-2

I built a spam classifier with random forest and wanted to make a separate function that can classify a text message to be spam or ham and I tried:

def predict_message(pred_text):
    pred_text=[pred_text]
    pred_text2 = tfidf_vect.fit_transform(pred_text)
    pred_features = pd.DataFrame(pred_text2.toarray())
    prediction = rf_model.predict(pred_features)
    return (prediction)

pred_text = "how are you doing today?"

prediction = predict_message(pred_text)
print(prediction)

but it gives me the error:

The number of features of the model must match the input.
Model n_features is 7985 and input n_features is 1 

I can't see the problem, how can I make it work?

Mustafa Aydın
  • 17,645
  • 4
  • 15
  • 38
  • 2
    Why did you re-ask this same question on the [meta] meta site? You've already got an answer here, one that you apparently have completely and rudely ignored before re-asking your question. Not good. – Hovercraft Full Of Eels May 16 '21 at 14:54
  • I have just started using the website and in my process of understanding. The unnecessary criticism of yours is rude, not my move. @HovercraftFullOfEels – Işıl Berfin Koparan May 16 '21 at 18:41
  • 1
    Please read the [help] link and go through the [tour] to learn how to best use this site. I say this for your own benefit since if more of your questions on this site are poorly received, you could be banned from asking, something that you'll want to avoid. – Hovercraft Full Of Eels May 16 '21 at 18:52

1 Answers1

0

By calling tfidf_vect.fit_transform(pred_text) your vectorizer loses any information it had from your original training corpus.
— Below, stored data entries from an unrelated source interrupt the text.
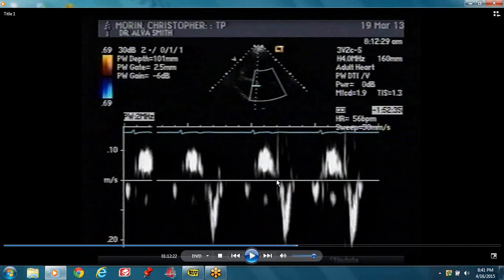Then you have two diastolic components: the early diastolic component — E prime — and the late diastolic component — A prime. So this is S prime, E prime, A prime. Tissue Doppler — it's a pulse wave Doppler.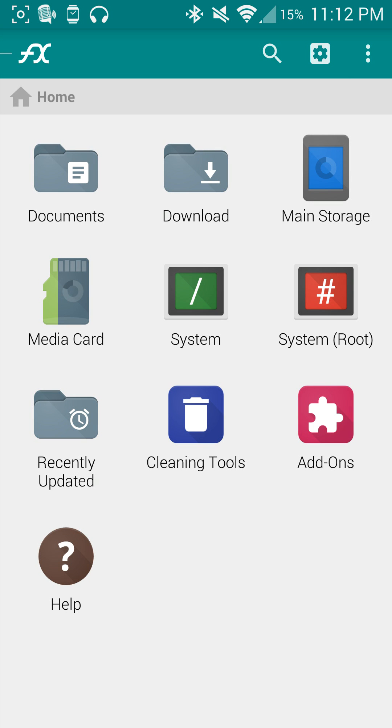This application is extremely useful. You do have an option for a seven day trial which will let you do some more root options. If you have a rooted device, there's a ton more features you can work with.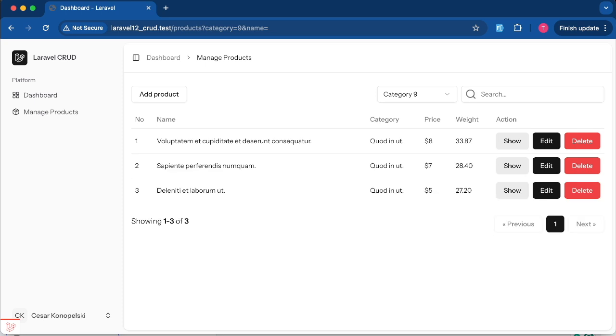To recap, today we built a powerful search feature that supports simple search, relationship filtering, and dynamic frontend integration. We use Vue 3 and Inertia in this demo, but remember the backend logic works the same no matter what stack you're using.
You should just call transform.

These changes below should help:

def predict_message(pred_text):
    pred_text=[pred_text]
    pred_text2 = tfidf_vect.transform(pred_text)  # Changed
    prediction = rf_model.predict(pred_text2)
    return (prediction)

pred_text = "how are you doing today?"

prediction = predict_message(pred_text)
print(prediction)
Mike Xydas
  • 469
  • 5
  • 12